*** DATA EXCERPTS Section Begins ***

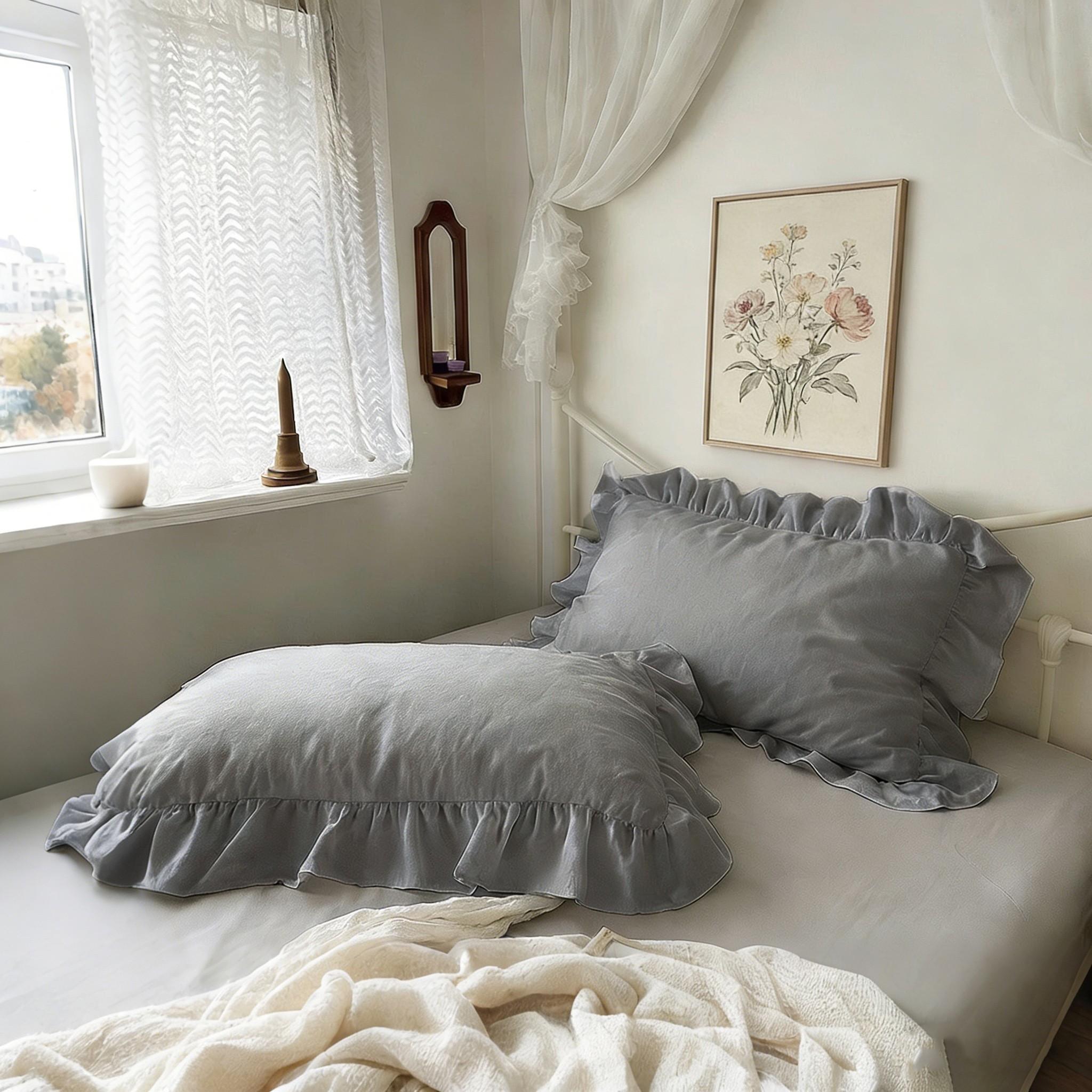 2Pcs 3D Jacquard Frill Pillowcase, French Vintage Romantic Style, High-count Soft Breathable Bedding, for Girls Bedroom, Homestay, Pillowcase Only, Without Insert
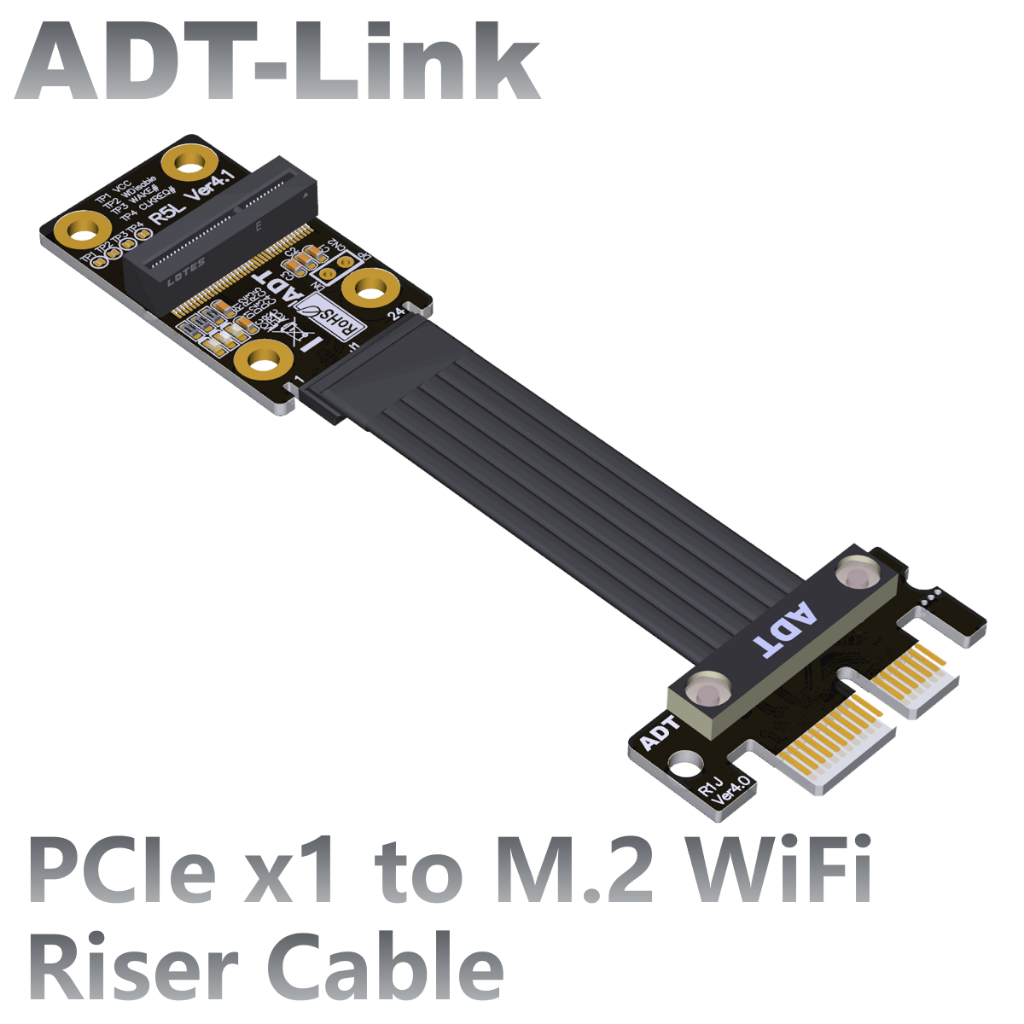 [訂製]ADT-Link PCIe x1延長線轉接卡M.2 ngff key AE 無線網卡 主板wifi槽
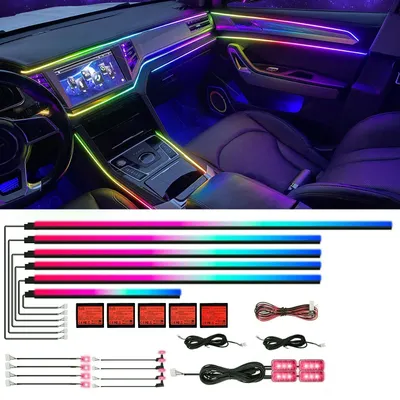 Obrázok produktu pre Interiérové osvetlenie do auta, 18 funkcií, RGB LED, akrylové vláknové optické pásy, ovládanie cez aplikáciu, synchronizácia s hudbou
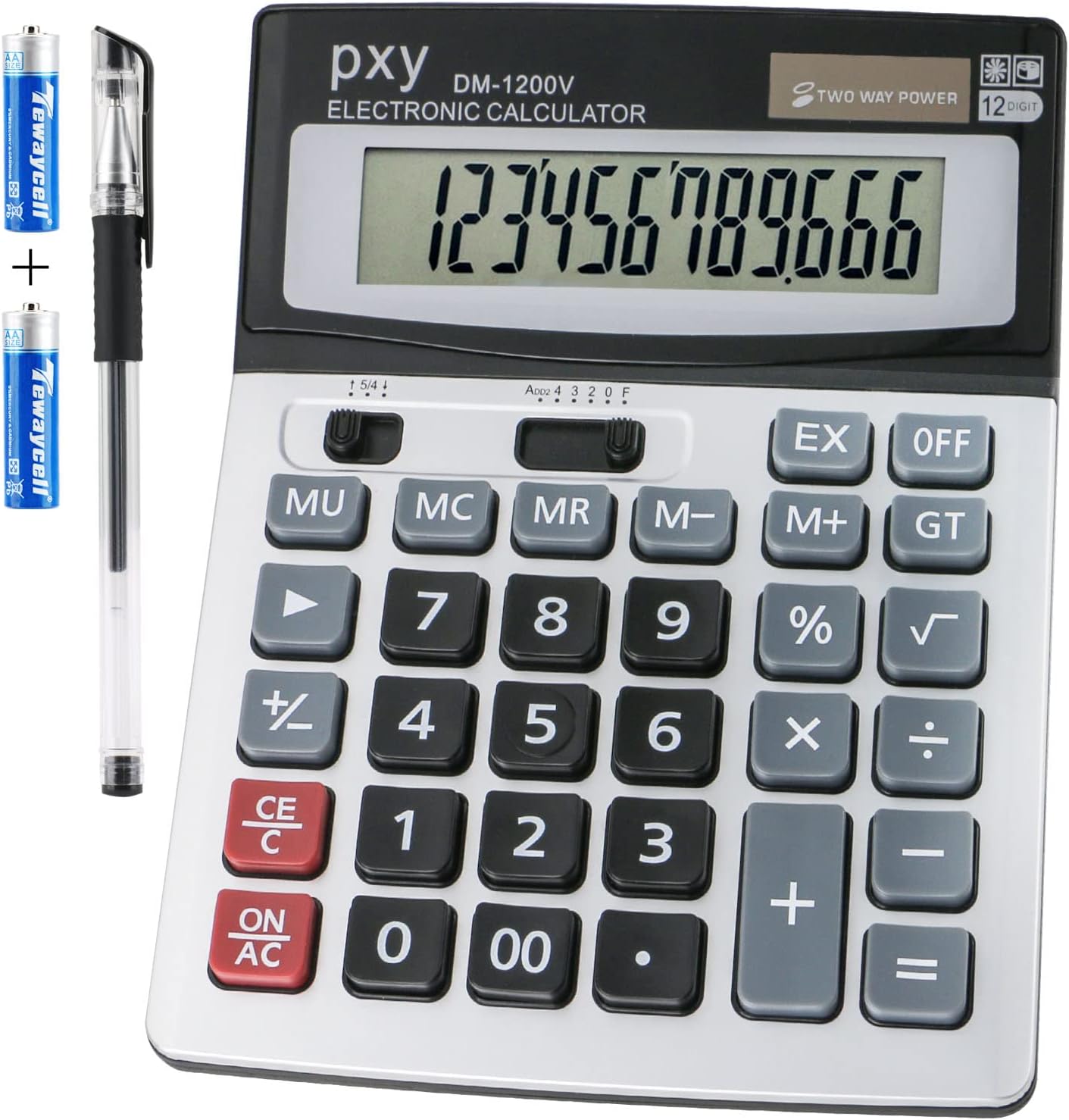 PXY 12-Digit Desk Calculator – Extra Large LCD Display, Big Buttons, Dual Power, Grey
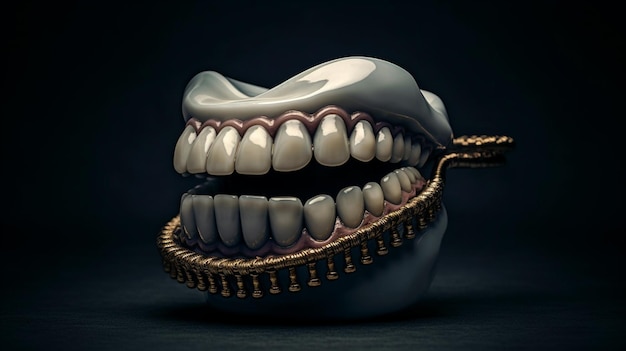 A black and gold image of a mouth with a chain around it that says'teeth '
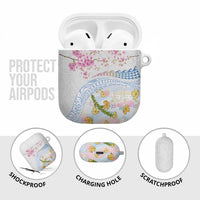 Hawaiian and Japanese Culture Together AirPods Case Tribal Motifs with Lei and Japanese Sakura Pattern LT03 - Polynesian Pride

*** DATA EXCERPTS Section Ends ***

__WORK REQUEST__
Give the data again exactly as written, with all pictures left out.

__EXERCISE SOLUTION__
 2Pcs 3D Jacquard Frill Pillowcase, French Vintage Romantic Style, High-count Soft Breathable Bedding, for Girls Bedroom, Homestay, Pillowcase Only, Without Insert
 [訂製]ADT-Link PCIe x1延長線轉接卡M.2 ngff key AE 無線網卡 主板wifi槽
 Obrázok produktu pre Interiérové osvetlenie do auta, 18 funkcií, RGB LED, akrylové vláknové optické pásy, ovládanie cez aplikáciu, synchronizácia s hudbou
 PXY 12-Digit Desk Calculator – Extra Large LCD Display, Big Buttons, Dual Power, Grey
 A black and gold image of a mouth with a chain around it that says'teeth '
 Hawaiian and Japanese Culture Together AirPods Case Tribal Motifs with Lei and Japanese Sakura Pattern LT03 - Polynesian Pride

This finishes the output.